Mindsets and civility

“I’m not allowed to get angry?” That’s a question that is raised in nearly every civility workshop we lead. Participants want to know how to have a mindset focused on civility when they’re feeling angry or frustrated. Our answer to that question is, “Of course you’re allowed to be angry. But, choose a mindset that helps you deal with the problem with civility.” It is our ability to understand the roles of emotions and mindsets that can help us maintain civility through everyday challenges.

While our emotions influence our mindsets, you can choose different mindsets for the same emotion. For example, if I’m feeling angry that my flight got canceled, I can choose a mindset that says, “This is the worst day ever! Why does this always happen to me? Nothing ever goes right.” Or, I can have a mindset that says, “I’ll get through this. There is a solution here. I can get this fixed.” The emotion is the same in both scenarios, but the mindset changes. When we lose someone close to us, we can feel that sadness for the rest of our life, but our mindsets may change and evolve over time. We can be devastatingly heartbroken over someone’s passing (emotion) and think about how grateful we are for the memories we have (mindset) at the same time.

Choosing your mindset, no matter your emotional state is an incredibly powerful tool because our mindset impacts our response. A negative mindset makes it less likely that we will choose the best possible response.

Our response to any situation is always entirely within our control. No matter how angry or frustrated we get, we can choose any number of responses – from violence, shaming, and name-calling to asking questions, seeking connection, and working to understand the other person. It is the same emotion, but different mindsets produce different responses.

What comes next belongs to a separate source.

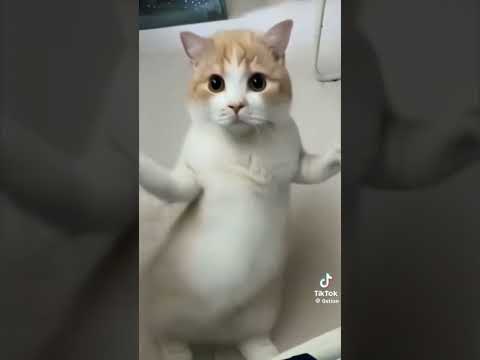 Котик Танцует под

The next time you are struggling to choose the right response in an emotional moment hit pause and ask yourself three questions:

  1. What emotion am I feeling right now and why am I feeling it? Acknowledge the emotion. Acknowledge the reason for that emotion. Feel what you feel.
  2. What outcome do I hope to achieve in this situation? You can’t fix everything, but what outcome is within your influence?
  3. What mindset and response give me the best chance to achieve that outcome?